Girls will often take selections much more personally than boys. They also will want to know the ways they need to improve.

Anonymous said...

I'm afraid I can't remember who, but someone once said that the key difference between coaching boys/men and coaching girls/women is that it is more effective with males to start with negative comments and then move to positives, but that it is more effective with females to do the reverse. The idea was that women tend to take negative criticism much more to heart, and will shut down after too many negative comments. Men, however, tend to brush off negative criticism more easily, and may ignore it if it is not emphasized.

I've never had the chance to test this theory, but I admit it makes sense to me. You can take it too far and claim that this is in line with the idea that women are "too sensitive" but I think it's more accurate to say that women are often more reflective.

Of course, it may be that it is more effective with both sexes to start with positive comments, but that there is something of a tradition in male-dominated sports that you have to beat a team down in order to make them better.

Anonymous said...

The guys actually seem to like the foul mouthed, angry coaches at some level. It almost seems to relax them. It’s as if they can see all the negative emotions upfront so they feel they can trust the coach. They don’t seem to like the socially cunning, wussy coach who’d likely backstab them.
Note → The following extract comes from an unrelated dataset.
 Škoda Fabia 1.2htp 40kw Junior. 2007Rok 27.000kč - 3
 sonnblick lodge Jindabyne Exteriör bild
With female coaches we have a different situation. First, it’s often the most psychotically ill alpha females that are loud and abusive in practice – no good for anyone. Second, some of us like the cunning, quieter coach more since we can trust she’ll deal with any unconstructive drama and the corrosively sly. Part of being cunning is starting off positive. There’s a lot going on socially with a competitive women’s rugby club and many problems cannot be dealt with head-on(as the boys prefer). I feel very reassured knowing my coach has a handle on all the drama that could affect our play…

Ok, I’m going to stop there before this comment morphs into a dating discussion;)

K Train said...
This comment has been removed by the author.
K Train said...

I think we need to be very careful about generalizing about young female rugby players vs young male rugby players. This is even more important when you are making a cross cultural analogy.

Women in English teams sports is a very different beast compared to in the United State. Soccer/Football is one the grandmas of American, female team sports, in contrast the English FA banned women playing on their pitches well into the 1970s.

The typical setting for high school girl's rugby in the US, for now, seems to be middle class suburbia. There is no shortage of team sporting oppertunities for girls, with many of these sports encouraging field vision, decision making and communication.

In the US both genders are more likely to come into Rugby after playing other sports. With this in mind, i doubt that the average high school girl's player comes in to rugby with a lack of athletic agressiveness.

Agressiveness in contact and comfortability in contact are learned aspects, as is learning how to practice contact against ones friends, otherwise known as teammates.

Still, I don't know that is a gender difference, so much as an experience difference. Boys have a much higher chance of coming into rugby with contact sports experience, where as for girls the chance is much smaller.